Friday, January 4, 2013

Mystery Antarctica Stamp

My Antarctica postcard got a mystery stamp on it! I weirdly couldn't find anything about this stamp by googling. It says 
All Paths Lead NORTH 53
South Pole Antarctica
2012 INTERNATIONAL LOCAL POST
POSTAGE PAID TO NEAREST MAIL RECEPTACLE
What is it? Why do I have it? Is it a souvenir or necessary? Maybe the postal worker really liked my postcard, which is a map of the oceans around Antarctica. 



Antarctica is my favorite philatelic subject.

Tuesday, January 1, 2013

New Year's Eve and Day!!!


I love putting everything in order for New Year's Day. I like it even more than any festivities on offer. My usual tradition is to deep clean everything and make resolutions, but when I read the superstitions a knitting writer observes I got excited. I equipped the young men in my life with salt and instructions to return home before I do, which felt kind of like a tradition because I've had housemates arrange it before. And I put out a bowl of silver coins (and since they aren't silver I added charm that had to retire from my charm bracelet) to catch the 2012-2013 moonlight. Day-to-day proscriptive superstitions don't interest me but I love them for NYE/Day.
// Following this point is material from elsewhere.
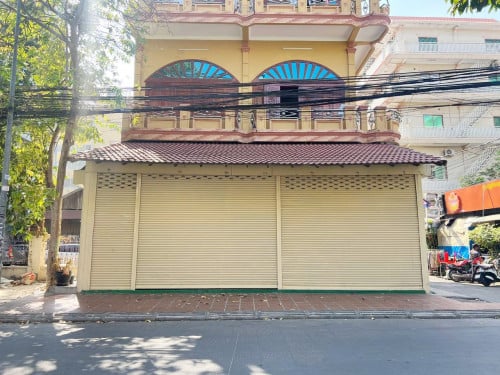 ផ្ទះកែងសំរាប់ជួលនៅទួលទពូង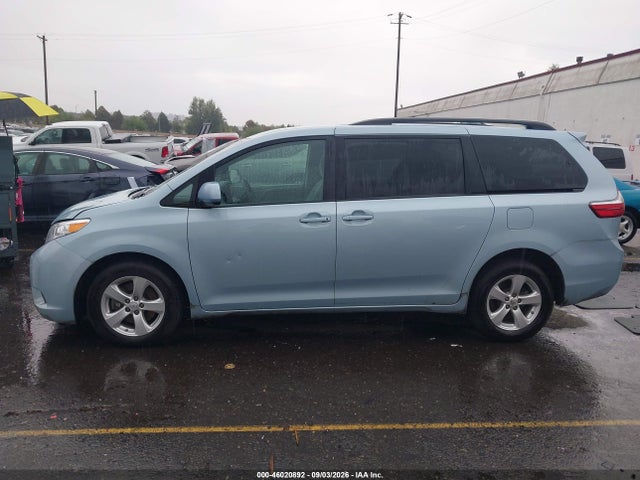 Продажа на аукционе авто 2015 Toyota Sienna Le 8 Passenger, vin: 5TDKK3DC5FS593532, номер лота: 46020892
I did a good job meeting last year's super involved and fussy resolutions. I can tell that's not what I need this year. In December 2011 I set a year's worth of monthly goals, and then each month I spent some time thinking about the goal and sent a postcard out into the world with the goal on it, and then getting it in the mail would help me keep on track. I sent all of them out, but I only have 9 of them. I attribute that to moving 4 times.